> _YOUR INSTRUCTIONS_:
For each record, copy the text exactly and omit any picture it holds.

(Dataset excerpts)

....

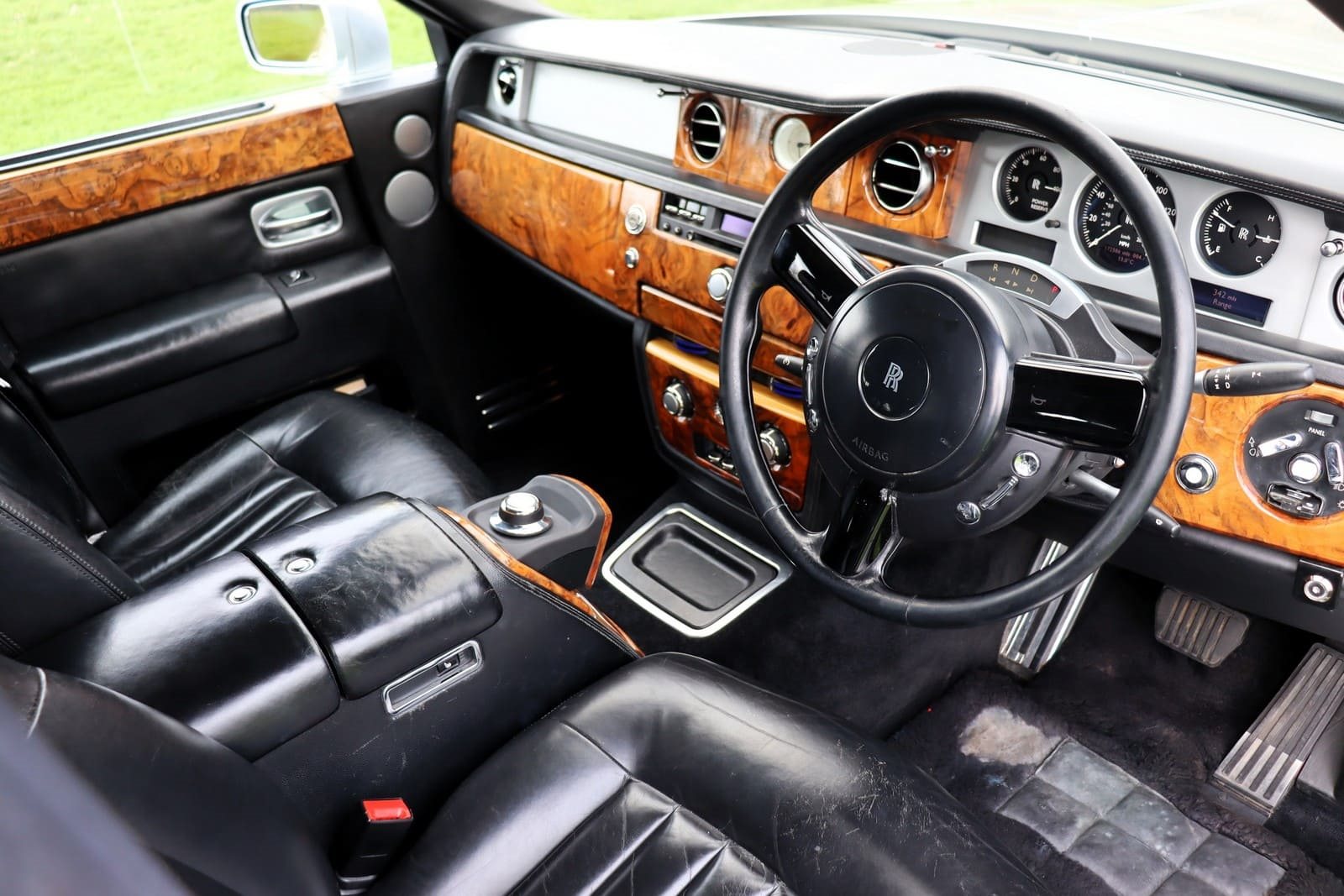 2003 - ROLLS-ROYCE PHANTOM SILVER, foto 43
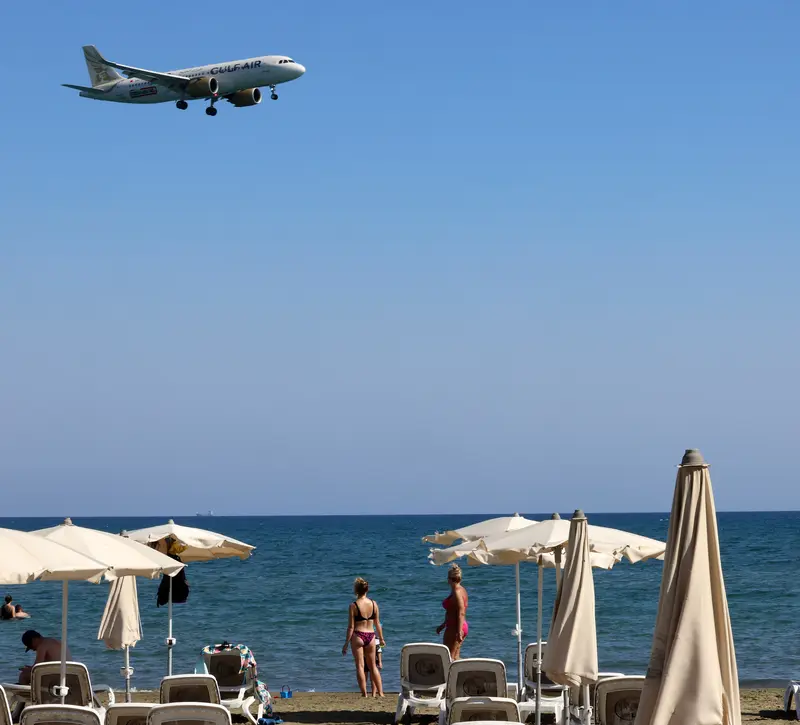 Βουτιά τουριστών και τον Απρίλιο – Στο -18% οι αφίξεις το πρώτο 4μηνο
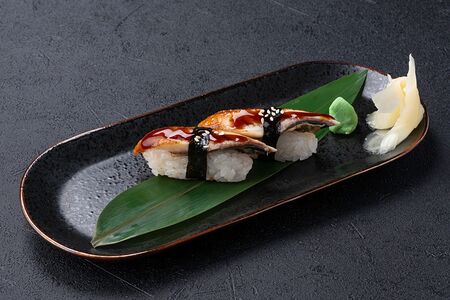 Суши с угрем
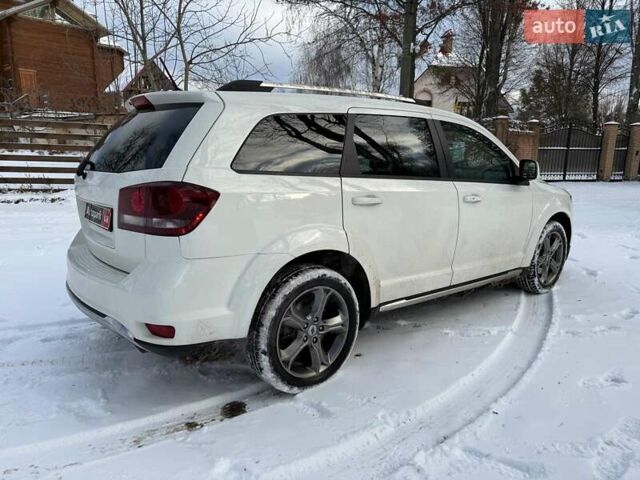 Белый Додж Джорни, объемом двигателя 3.6 л и пробегом 172 тыс. км за 14500 $, фото 4 на Automoto.ua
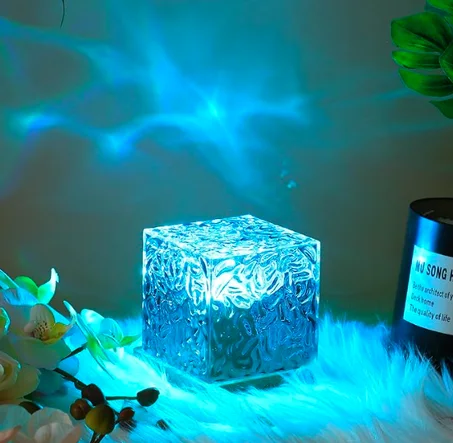 .مصباح مكعب بتصميم أضواء الشفق القطبي بـ 16لونًا مثالي لديكور غرفة النوم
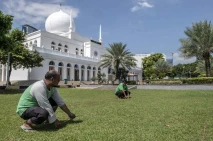 Persiapan Salat Idul...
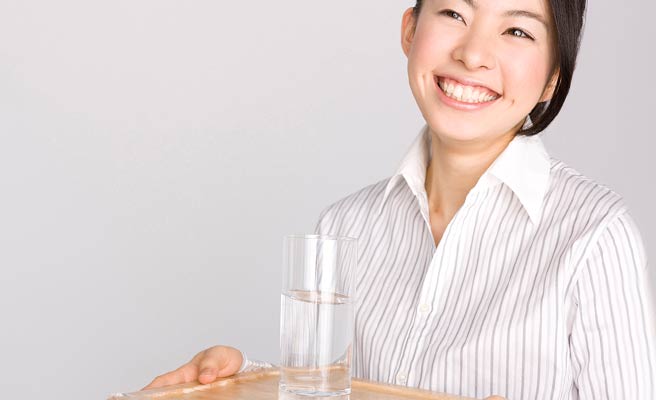 笑顔で水を運ぶ女性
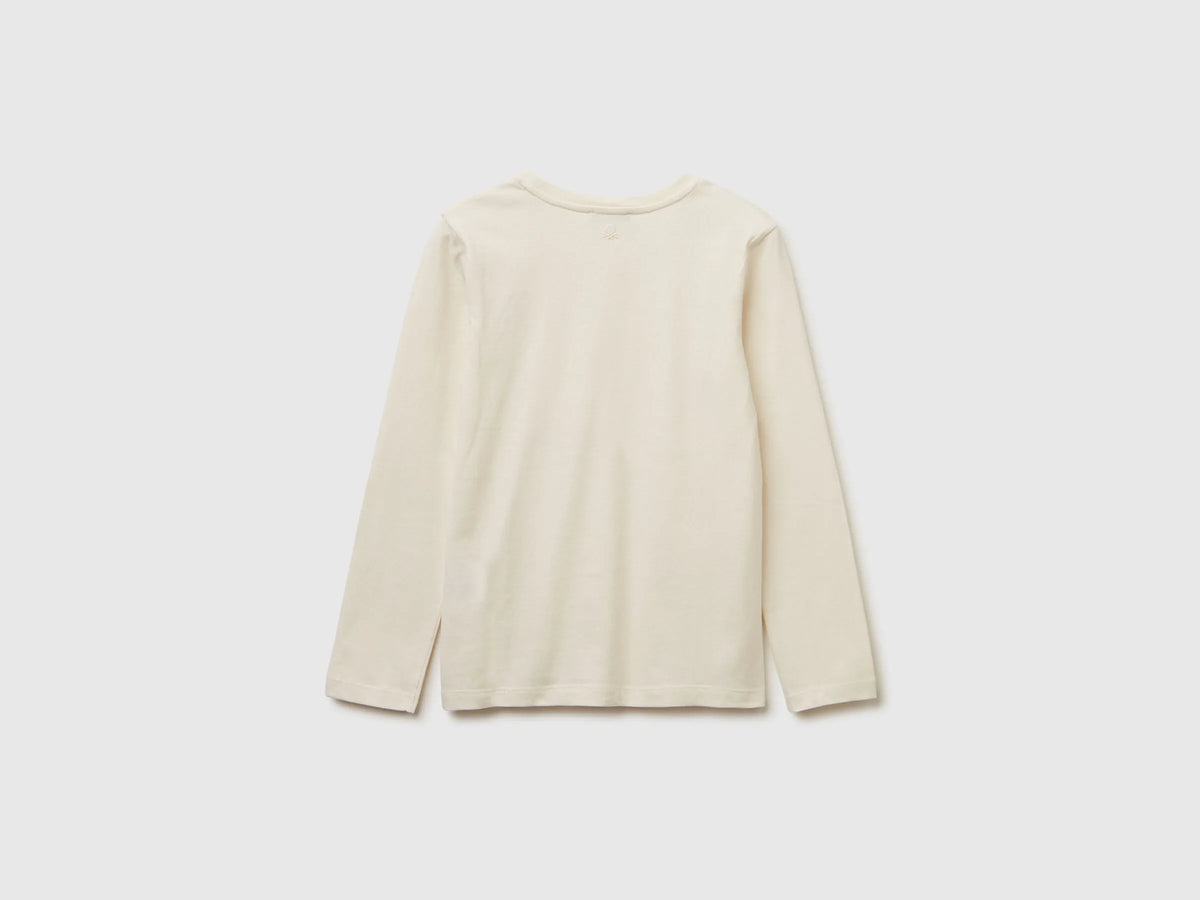 Benetton_Creamy White_T-Shirt with Rhinestone Applique_3ATNC10RF_0R2_02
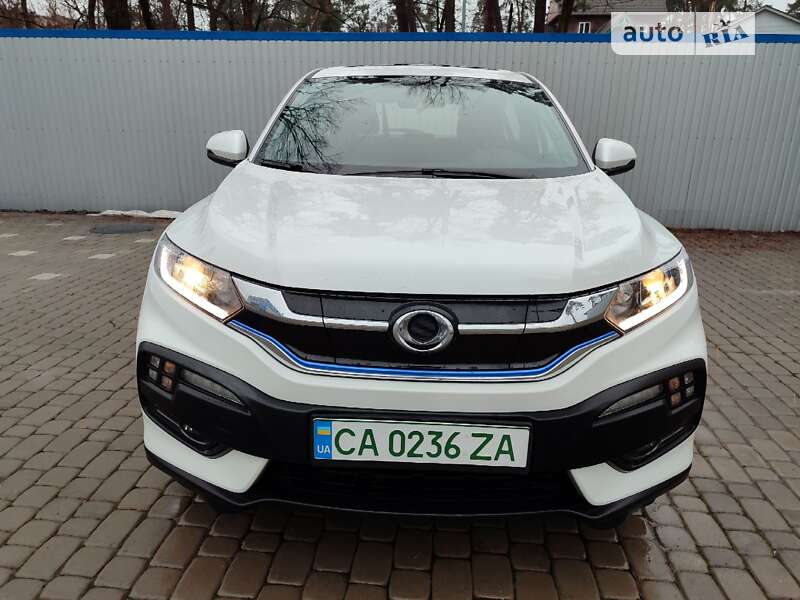2021 honda x-nv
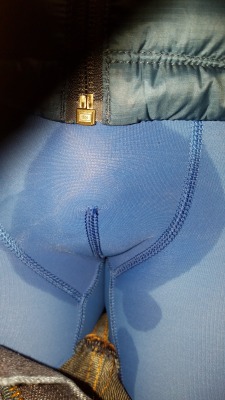 gymsweatr:  Showing what is really going on inside my pants–in public.  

....

> _REPLY TO THE EXERCISE_:
 2003 - ROLLS-ROYCE PHANTOM SILVER, foto 43
 Βουτιά τουριστών και τον Απρίλιο – Στο -18% οι αφίξεις το πρώτο 4μηνο
 Суши с угрем
 Белый Додж Джорни, объемом двигателя 3.6 л и пробегом 172 тыс. км за 14500 $, фото 4 на Automoto.ua
 .مصباح مكعب بتصميم أضواء الشفق القطبي بـ 16لونًا مثالي لديكور غرفة النوم
 Persiapan Salat Idul...
 笑顔で水を運ぶ女性
 Benetton_Creamy White_T-Shirt with Rhinestone Applique_3ATNC10RF_0R2_02
2021 honda x-nv
 gymsweatr:  Showing what is really going on inside my pants–in public.  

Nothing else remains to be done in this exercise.